The film then arrives in its present setting, roughly about 10 years since the events of the previous film. Andy is now a 17-year old, having graduated from high school and is now just three days away from heading off to college. Several of his old toys (notably mentioned by Woody are Wheezy, Etch, and Bo Peep) have been "yard saled" in that time, and now just Woody, Buzz, Jessie, Bullseye, Mr. and Mrs. Potato Head, Rex, Hamm, Slinky, the Magic 8-Ball, some Aliens, Sarge and two other Green Army Men remain having spent the majority of their time in a toy chest. After a failed long-shot attempt to make Andy notice them and possibly play with them one last time, the toys worry about their fate... they could be taken to college, given away, stored in the attic or even thrown away. The toys are reluctant, but commit to Woody's idea of them being stored in the attic, though the Army men quickly abandon them, believing they will get thrown away into the trash instead. Andy, however, plans to take Woody to college with him and put the others in the attic, but after helping his sister Molly (who is now a pre-teen) with a box of toys (which includes her Barbie doll) to be donated, he leaves the bag containing his toys in the hallway and his mother accidentally takes them to the curb, thinking it's trash.

Woody goes to save his friends (trying to have Buster help, but he is too old to help), but it turns out that the toys escaped and are hiding in the back of the Davis' car, thinking Andy doesn't want them anymore. Jessie soon finds the box of Molly's toys to be donated to Sunnyside Daycare and convinces them to be donated there.

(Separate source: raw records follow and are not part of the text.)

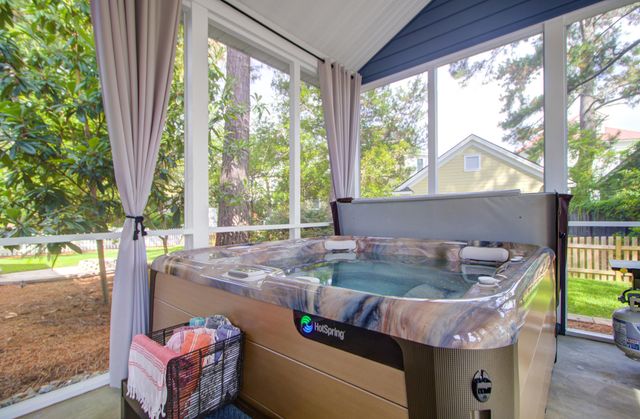 325 Jardinere Walk, Mount Pleasant, SC 29464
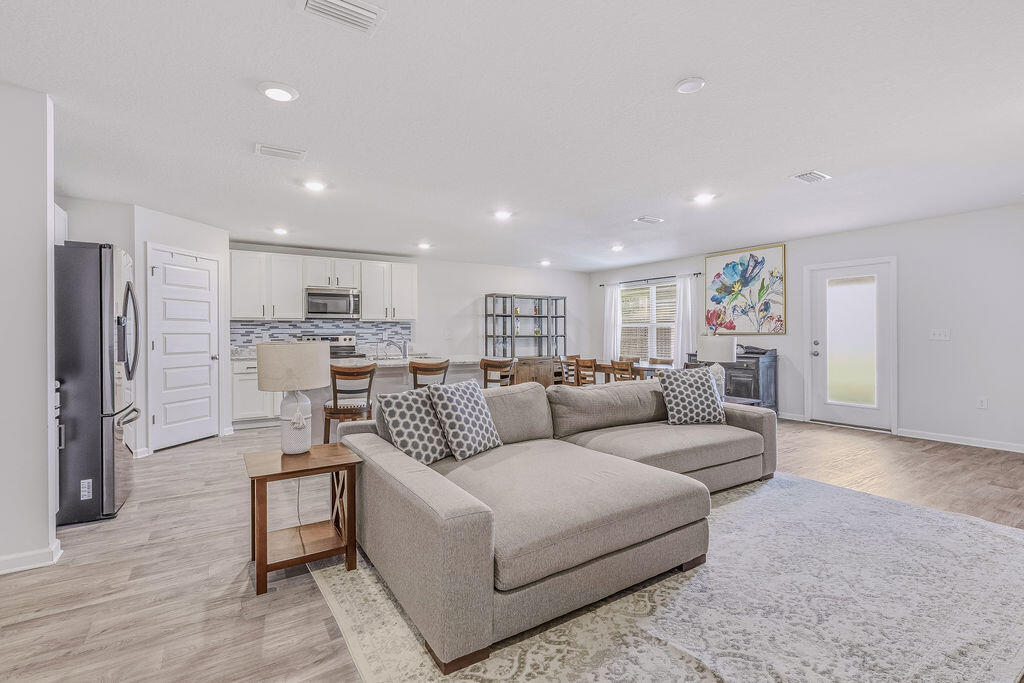 HAMMOCK BAY - MILL COTTAGES - Residential
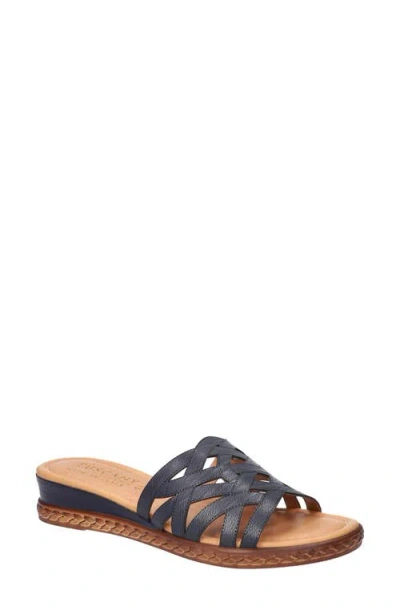 Easy Street Edda Slide Sandal In Navy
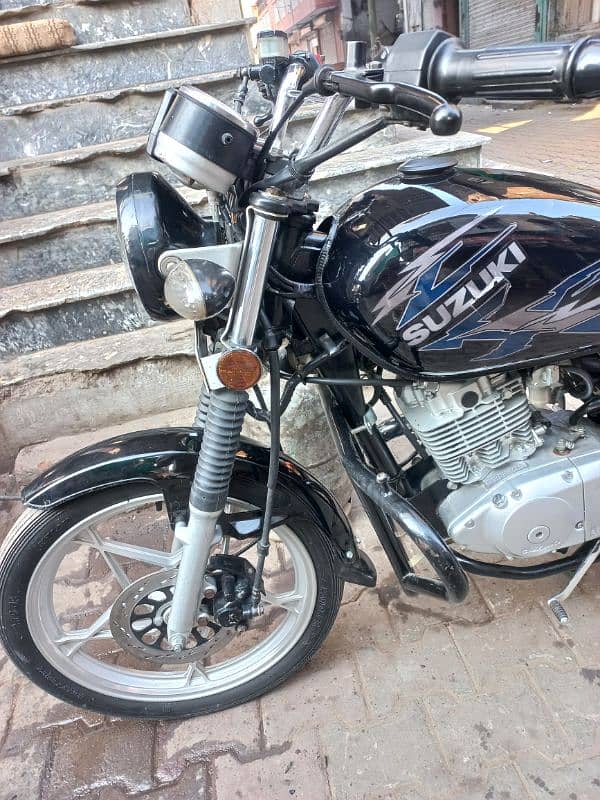 suzuki gs 150 8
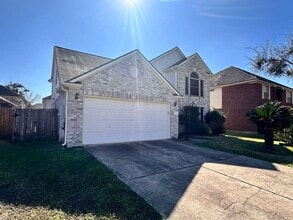 2203 Nashua Dr in Stafford, TX - Building Photo - Building Photo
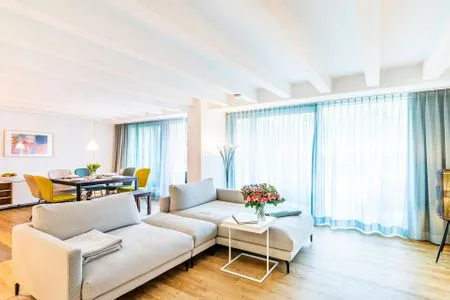 Wohn/Essbereich: Sofa, Sitzbereich, Essbereich, TV Flachbild, Zugang zum Balkon, Loungemöbel auf dem Balkon FeWo Sunny in PRORA - 4.06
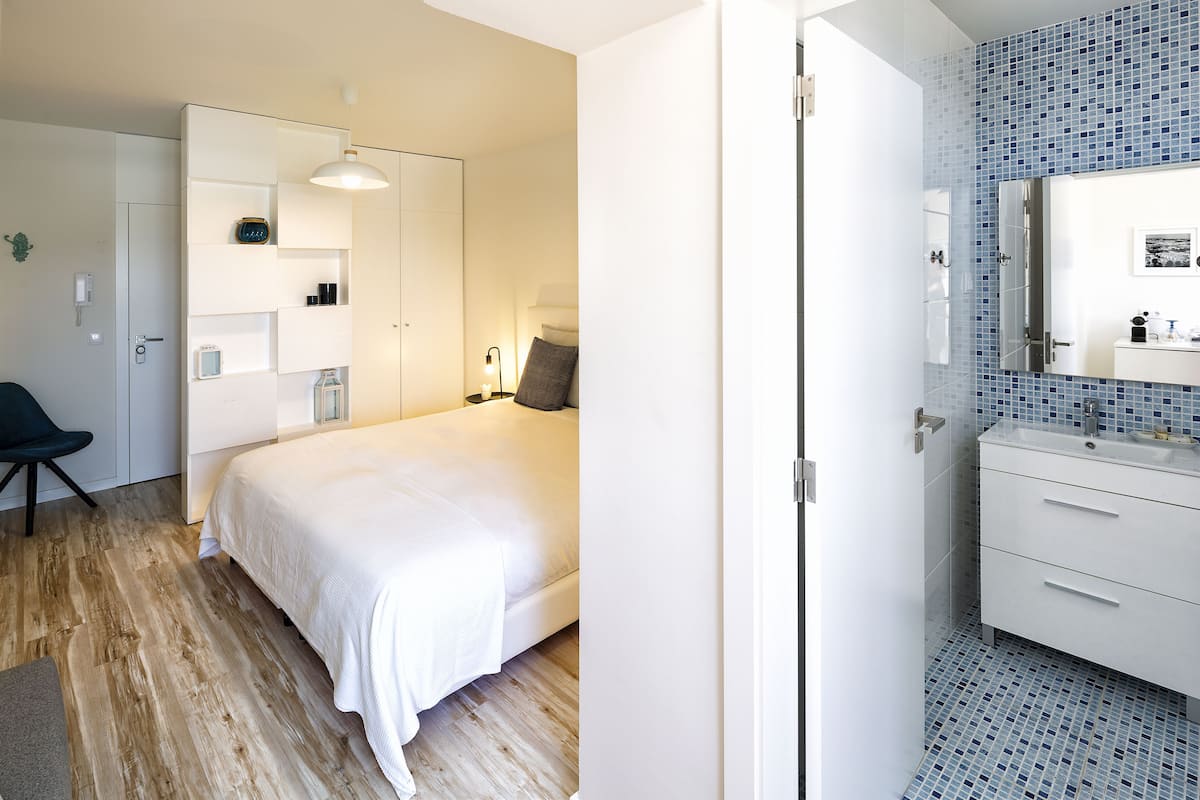 Executive Suite, 1 Queen Bed, Non Smoking | 1 bedroom, individually decorated, individually furnished, desk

Woody finds them and tries to explain to the toys that they were accidentally thrown away, but before he can finish the explanation, Andy's mom closes the back door and drives to Sunnyside.

The gang arrives at Sunnyside just as the children leave for recess. The Sunnyside toys welcome Andy's toys with open arms, including the leader of the daycare, Lots-o'-Huggin' Bear (or "Lotso"), Big Baby, and a smooth-talking Ken doll, who amazingly has never encountered a Barbie doll before and instantly falls in love with Molly's who returns his feelings. The toys are keen on starting a new life at the daycare, except for Woody, who has suspicions about the daycare because of the Chatter Telephone and also thinks that the toys shouldn't turn their back on Andy so quickly.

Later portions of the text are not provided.